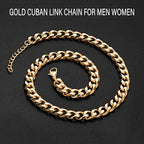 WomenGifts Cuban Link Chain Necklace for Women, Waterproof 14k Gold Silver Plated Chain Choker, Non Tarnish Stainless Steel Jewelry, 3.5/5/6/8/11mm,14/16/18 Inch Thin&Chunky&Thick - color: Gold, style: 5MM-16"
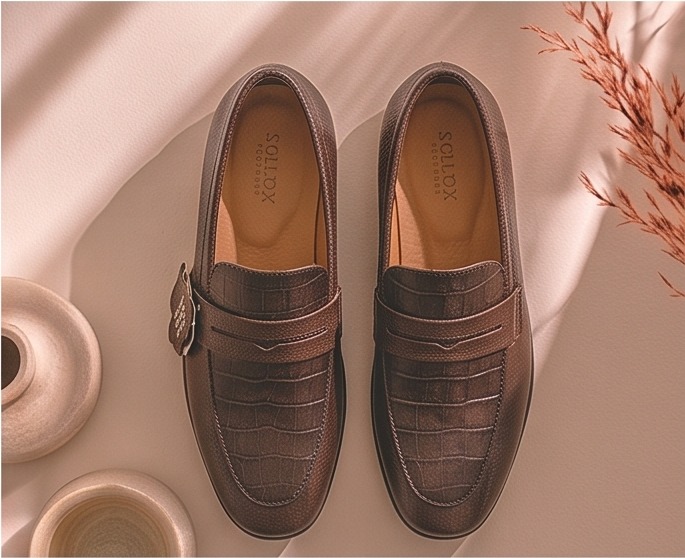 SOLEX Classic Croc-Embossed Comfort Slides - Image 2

--

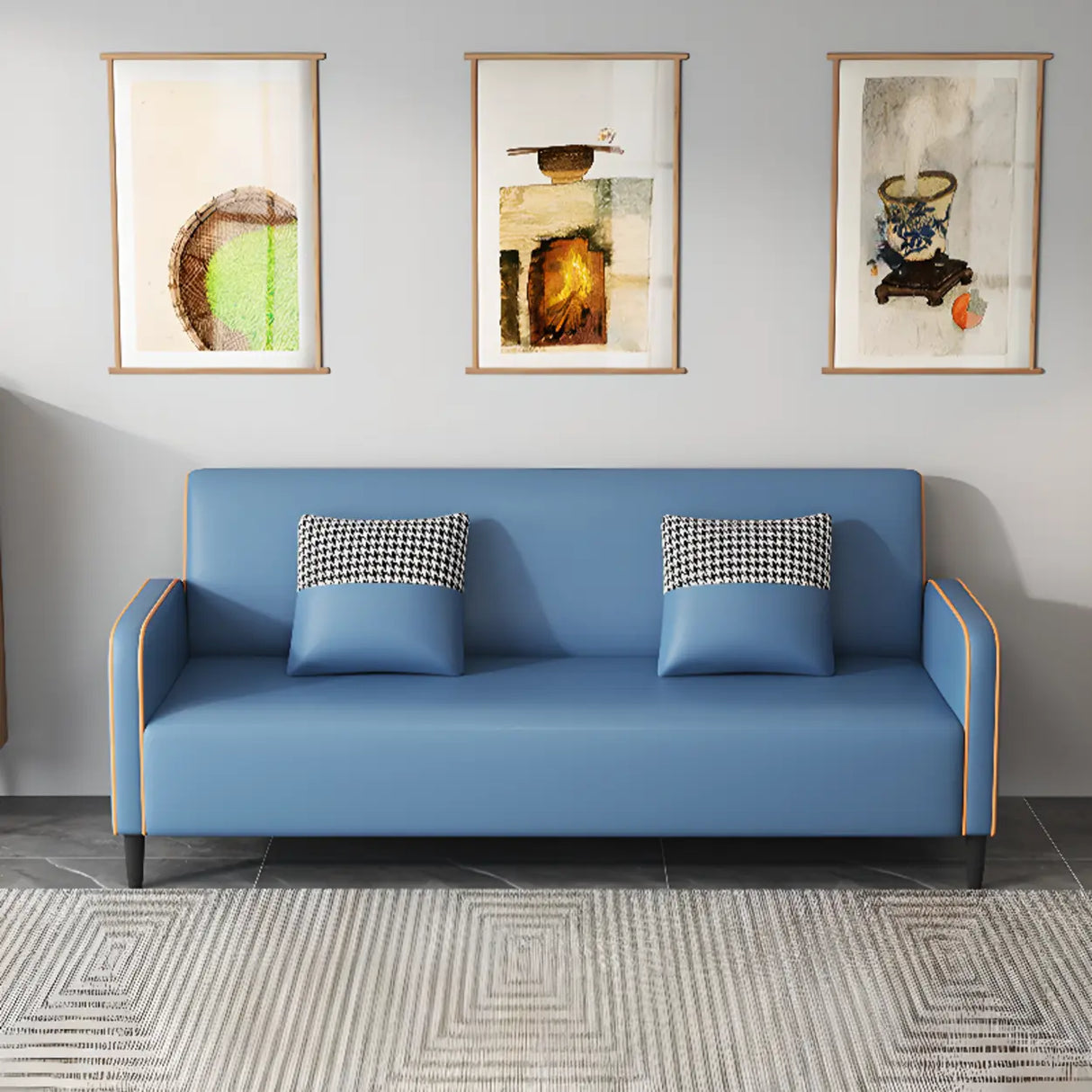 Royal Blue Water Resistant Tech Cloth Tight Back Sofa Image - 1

* * *

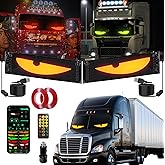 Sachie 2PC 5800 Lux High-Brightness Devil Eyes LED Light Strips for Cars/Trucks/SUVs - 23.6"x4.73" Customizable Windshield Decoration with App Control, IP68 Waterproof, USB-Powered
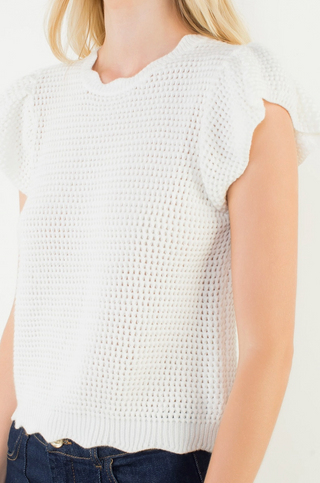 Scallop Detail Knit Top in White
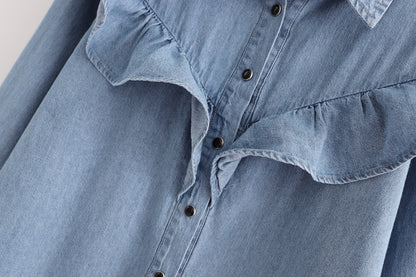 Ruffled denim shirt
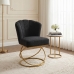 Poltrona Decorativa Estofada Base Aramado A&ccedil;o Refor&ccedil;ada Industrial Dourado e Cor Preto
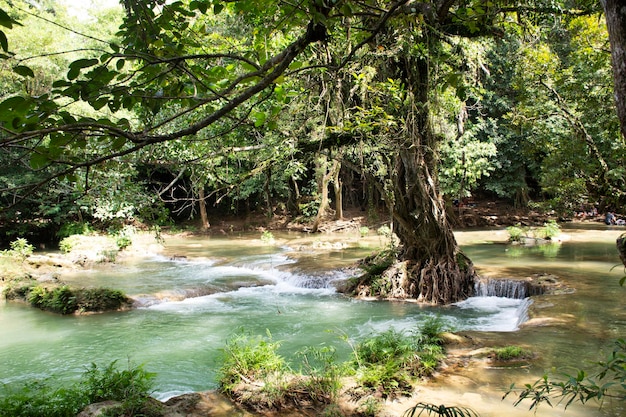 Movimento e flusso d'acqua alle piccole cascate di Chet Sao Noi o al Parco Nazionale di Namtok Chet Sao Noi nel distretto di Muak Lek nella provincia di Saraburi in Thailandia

> [TASK PROMPT] Copy out exactly the lines above beginning with the line that contains "Scallop Detail Knit Top in White" and finishing with the line that contains "Movimento e flusso", including both; leave the pictures out.

> [WRITTEN REPLY]
 Scallop Detail Knit Top in White
 Ruffled denim shirt
 Poltrona Decorativa Estofada Base Aramado A&ccedil;o Refor&ccedil;ada Industrial Dourado e Cor Preto
 Movimento e flusso d'acqua alle piccole cascate di Chet Sao Noi o al Parco Nazionale di Namtok Chet Sao Noi nel distretto di Muak Lek nella provincia di Saraburi in Thailandia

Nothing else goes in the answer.